In a past article, this Examiner wrote of potential interaction with law enforcement officers while carrying a concealed weapon. This morning, a fellow firearms instructor commented that even though it was a good article, Nevada has no “Duty to inform” an officer if you are pulled over and that he would never advise it. Since the original article, this Examiner has had an encounter with law enforcement while driving through rural Nevada. In keeping with the advice dispensed in the earlier column, the following is what transpired.
This Examiner was returning home from the 2012 SHOT Show in Las Vegas. It was 4:00 in the afternoon and I had just filled the gas tank on my 2004 Grand Cherokee. As I left the gas station, I noticed the speed limit was 25 mph and the car was idling at about 40MPH. Riding the brake and keeping it at 25 for a few miles, as soon as I let off the brake with no foot on the gas pedal, the high idling started again and the speedometer jumped up to 37MPH. The red and blue lights of Tonopah’s Finest shone in my rearview.
Following my own advice: I signaled that I was turning right, pulled over on a side street off the main drag, turned on hazards, rolled down windows, turned off the engine, retrieved my information, placed my hands on the steering wheel and waited for the officer.
The officer greeted me and asked me if I knew what the speed limit was.
“25 mph, sir”, I answered.
“I got you at 37. Where are you going?”, he responded.
“Sparks, sir”, I replied.
“Going up for a vacation?”, he asked.
“No sir, heading home from the SHOT Show.

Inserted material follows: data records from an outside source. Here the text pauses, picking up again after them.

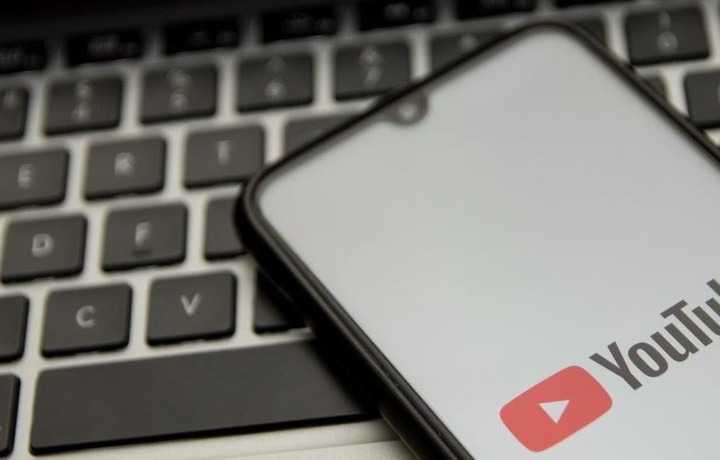 YouTube за дополнительные деньги позволит слушать качественнее аудио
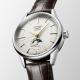 FLAGSHIP HERITAGE MOONPHASE-5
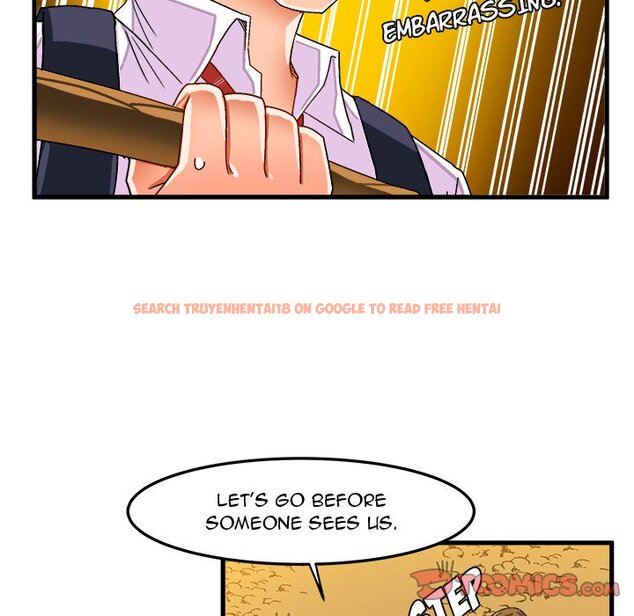 Read Hentai Image 26 950 in comic The Perfect Duo - Chapter 38 - hentaitnt.net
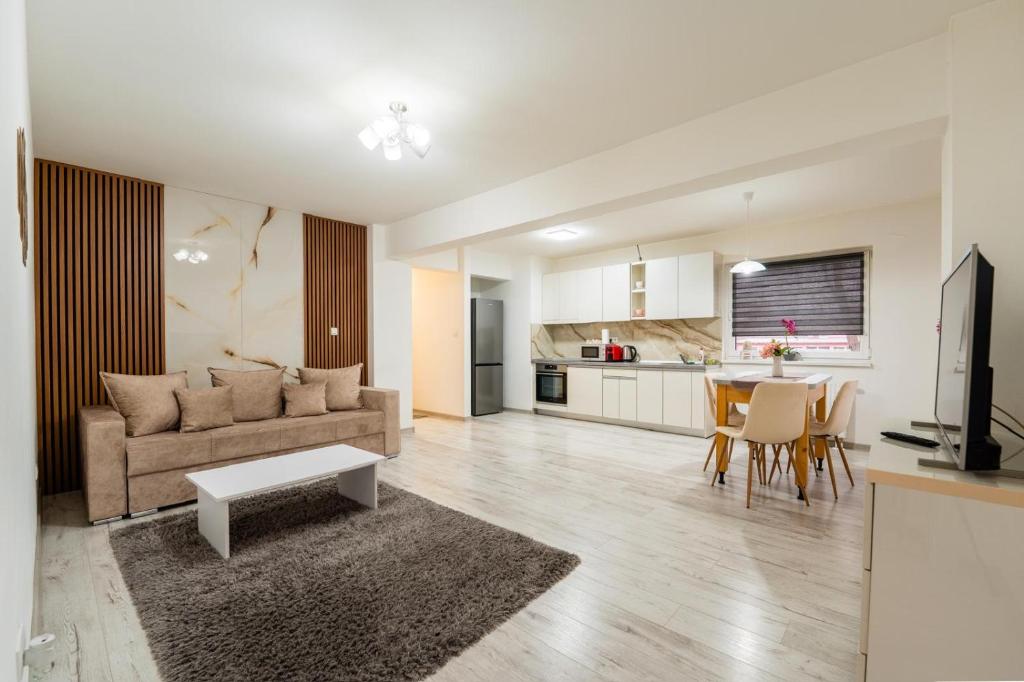 Fortuna Park Apartman - Housity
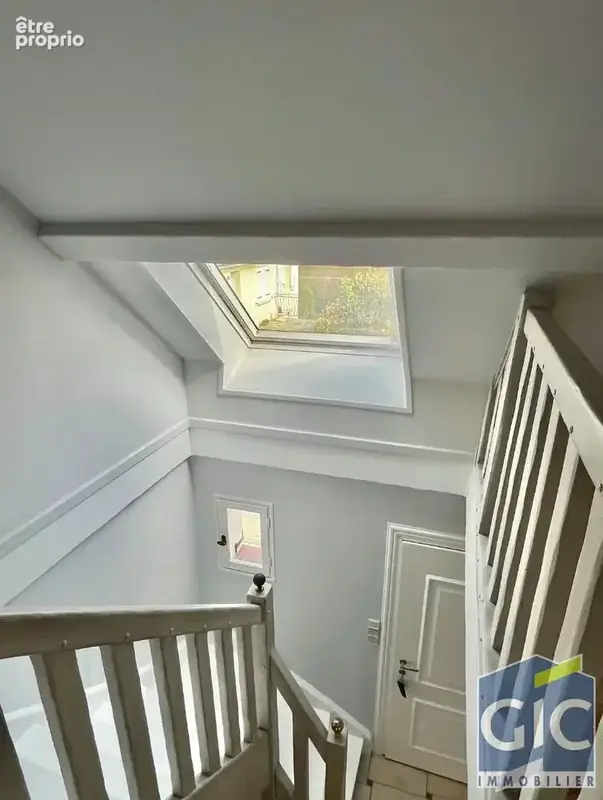 **Baron-sur-odon**  Maison 7 pièces - photo 11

I’m a journalist and was down there covering the show this past week.”, I said, hoping he wasn’t the type of officer that hates media types.
“Can I see your license, registration and insurance?”, he asked.
As I handed over my paperwork, I added, “I do have a valid Concealed Carry permit and have a holstered 1911 on my right hip and a smaller piece in my jacket pocket.”
He smiled and said, “As long as they stay there, we won’t have a problem.”
As he left to run my information through the system, two more police vehicles had arrived as back-up.
He returned and said, “Do you make a lot of money writing those articles?”
“Not as much as I’d like to, sir.”, I honestly told him.
“It’s $25 a mile over the limit.”, he stated. A quick mental calculation told me that was going to be $300 if I saw his pen hit the ticket book.
“Remember, 25 mph…keep it there and have a safe drive.”, as he handed me back my credentials, I thanked him and told him to stay safe. I put everything away and waited for the officers to leave. Luckily I had my engine code reader with me and reset the check engine light on the Jeep, which probably should have been done at the gas station when I filled the tank with gas. When I restarted the Jeep I did not have the high idling from a failed injector on cylinder six. I rode out of Tonopah at 25 mph and did not have another incident for the remainder of the trip.
Rural towns in Nevada rely on traffic tickets as revenue. It is a rare occasion that a rural officer will stop someone from out of town and let them off with a warning. Even though there is no “Duty to inform” a police officer that you are carrying a pistol. I firmly believe that being truthful about my CCW and telling the officer what I was carrying helped me avoid a ticket that day.